It is absolutely insane that organizations are weaponizing this.

> Doesn't Google have any way to dispute the business ownership?

I can only speak for the US and it’s been a few years since I’ve done it, but yes Google does have a way. You can report an issue, and “claim” a business. Google will literally send a postcard with a unique ID to the registered physical address, and whoever gets that postcard can take ownership.

> Can I take over any business on the maps by just registering a domain that contains the business name?

Absolutely not (at least legally I assume). It’s probably trademark infringement and potentially fraud to misrepresent that business, and also Google has other methods to verify ownership (see above).


> You can report an issue, and “claim” a business. Google will literally send a postcard with a unique ID to the registered physical address, and whoever gets that postcard can take ownership.

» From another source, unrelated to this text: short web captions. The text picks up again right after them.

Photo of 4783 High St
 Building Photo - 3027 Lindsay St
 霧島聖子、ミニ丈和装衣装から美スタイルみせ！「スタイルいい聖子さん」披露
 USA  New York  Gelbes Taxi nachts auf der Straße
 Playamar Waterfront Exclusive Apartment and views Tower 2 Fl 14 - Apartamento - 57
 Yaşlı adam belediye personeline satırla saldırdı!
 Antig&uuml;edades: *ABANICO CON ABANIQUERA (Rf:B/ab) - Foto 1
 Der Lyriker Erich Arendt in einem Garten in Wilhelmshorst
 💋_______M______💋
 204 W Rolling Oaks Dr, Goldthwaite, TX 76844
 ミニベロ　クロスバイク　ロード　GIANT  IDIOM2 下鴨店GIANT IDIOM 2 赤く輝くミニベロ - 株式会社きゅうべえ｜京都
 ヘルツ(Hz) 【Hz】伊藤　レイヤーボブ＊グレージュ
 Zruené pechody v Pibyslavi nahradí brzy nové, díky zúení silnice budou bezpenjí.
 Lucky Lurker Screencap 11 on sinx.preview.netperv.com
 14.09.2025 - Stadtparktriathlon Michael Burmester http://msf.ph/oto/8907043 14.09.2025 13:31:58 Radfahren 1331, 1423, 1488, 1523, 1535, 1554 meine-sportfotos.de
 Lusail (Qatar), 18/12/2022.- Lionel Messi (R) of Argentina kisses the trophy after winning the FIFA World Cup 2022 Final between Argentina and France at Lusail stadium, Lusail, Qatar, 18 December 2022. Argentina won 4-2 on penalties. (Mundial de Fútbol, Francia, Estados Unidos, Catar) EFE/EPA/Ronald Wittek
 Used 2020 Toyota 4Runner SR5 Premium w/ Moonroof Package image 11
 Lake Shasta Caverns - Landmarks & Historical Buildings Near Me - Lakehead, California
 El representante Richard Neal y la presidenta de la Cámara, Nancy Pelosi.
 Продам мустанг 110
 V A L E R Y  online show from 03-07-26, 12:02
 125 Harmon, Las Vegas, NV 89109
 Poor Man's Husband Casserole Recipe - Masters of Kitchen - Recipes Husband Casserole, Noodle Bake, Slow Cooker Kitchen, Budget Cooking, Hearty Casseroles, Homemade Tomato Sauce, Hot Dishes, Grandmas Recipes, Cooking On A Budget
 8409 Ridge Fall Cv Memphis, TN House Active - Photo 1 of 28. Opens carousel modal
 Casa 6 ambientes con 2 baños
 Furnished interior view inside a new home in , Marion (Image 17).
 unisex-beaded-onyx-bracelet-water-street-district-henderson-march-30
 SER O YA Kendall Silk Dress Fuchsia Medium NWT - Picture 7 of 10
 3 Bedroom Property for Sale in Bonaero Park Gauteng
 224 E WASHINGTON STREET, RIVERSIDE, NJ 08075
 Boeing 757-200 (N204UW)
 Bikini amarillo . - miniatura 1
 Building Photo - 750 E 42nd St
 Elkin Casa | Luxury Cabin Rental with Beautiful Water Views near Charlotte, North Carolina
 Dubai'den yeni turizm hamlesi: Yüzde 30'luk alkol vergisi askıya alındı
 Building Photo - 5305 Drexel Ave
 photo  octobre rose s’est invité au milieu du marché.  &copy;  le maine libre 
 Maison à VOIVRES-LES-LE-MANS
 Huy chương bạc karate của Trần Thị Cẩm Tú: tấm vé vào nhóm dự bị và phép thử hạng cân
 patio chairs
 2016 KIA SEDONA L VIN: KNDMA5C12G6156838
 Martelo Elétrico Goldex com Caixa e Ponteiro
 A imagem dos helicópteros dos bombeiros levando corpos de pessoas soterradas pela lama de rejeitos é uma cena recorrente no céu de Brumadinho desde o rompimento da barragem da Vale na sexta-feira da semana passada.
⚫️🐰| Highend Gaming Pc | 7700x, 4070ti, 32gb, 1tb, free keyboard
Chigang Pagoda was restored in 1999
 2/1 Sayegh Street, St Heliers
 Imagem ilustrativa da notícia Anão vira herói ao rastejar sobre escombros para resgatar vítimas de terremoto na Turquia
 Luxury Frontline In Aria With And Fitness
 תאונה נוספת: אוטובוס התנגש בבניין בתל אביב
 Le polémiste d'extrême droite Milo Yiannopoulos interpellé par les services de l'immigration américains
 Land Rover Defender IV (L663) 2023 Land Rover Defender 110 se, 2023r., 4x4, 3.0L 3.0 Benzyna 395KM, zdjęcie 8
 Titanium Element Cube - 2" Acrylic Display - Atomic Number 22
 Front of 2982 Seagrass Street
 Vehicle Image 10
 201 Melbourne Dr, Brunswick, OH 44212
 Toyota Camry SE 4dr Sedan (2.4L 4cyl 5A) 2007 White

When you say "registered address", do you mean the actual business registered address (as in on Companies House in the UK, for example) or the address which was used to register the business with Google? Because if it's the latter, I think I see a problem ...


The "address" in question here is the location on Google Maps. I managed a few locations for a business and verified them this way. Google would frequently ignore our own posted opening/closing hours and phone numbers in favour of whatever some random user provided under "Suggest an Edit". Horrible system, and support requests just ended up at some Google contractor's inbox in India, where they request to have video calls at 3AM ET to verify our identity (again).


> Because if it's the latter, I think I see a problem ...

Believe it or not, someone spent at least a few hours thinking about this.

The address is physical address that a customer would go to when they look up the business on the map. If it's a restaurant, it's the address that has the tables and food and drinks.


So then how can the scam work after the german restaurant gets the unique postcard?


It certainly sounds like they would be sending it to the address provided by the scammer. The issue is their system assumes the first person to interact with it is trustworthy: gives a real phone number and address. If that first contact with Google was MITM'd, they seem to have no way to develop an un-compromised relationship with the real entity.


In Germany, everybody and their siblings usually ask for a recent copy of the trade certificate of registration--it actually is quite annoying. Google could do the same.


I don't think it does. The postcard should go to the place where the customers go, so for a restaurant its the place with the tables and the food and stuff.

If the address is different than the address of the shop-owner, then how would a user who uses google maps get to the shop? And why wouldn't the shop owner just create a new, correct listing?


> Can I take over any business on the maps by just registering a domain that contains the business name?

yes, as long as the business doesn't have that already. And that's the point - many small restaurants, takeaways etc simply don't have a website because they think they don't need one, until they're fucked by Lieferando.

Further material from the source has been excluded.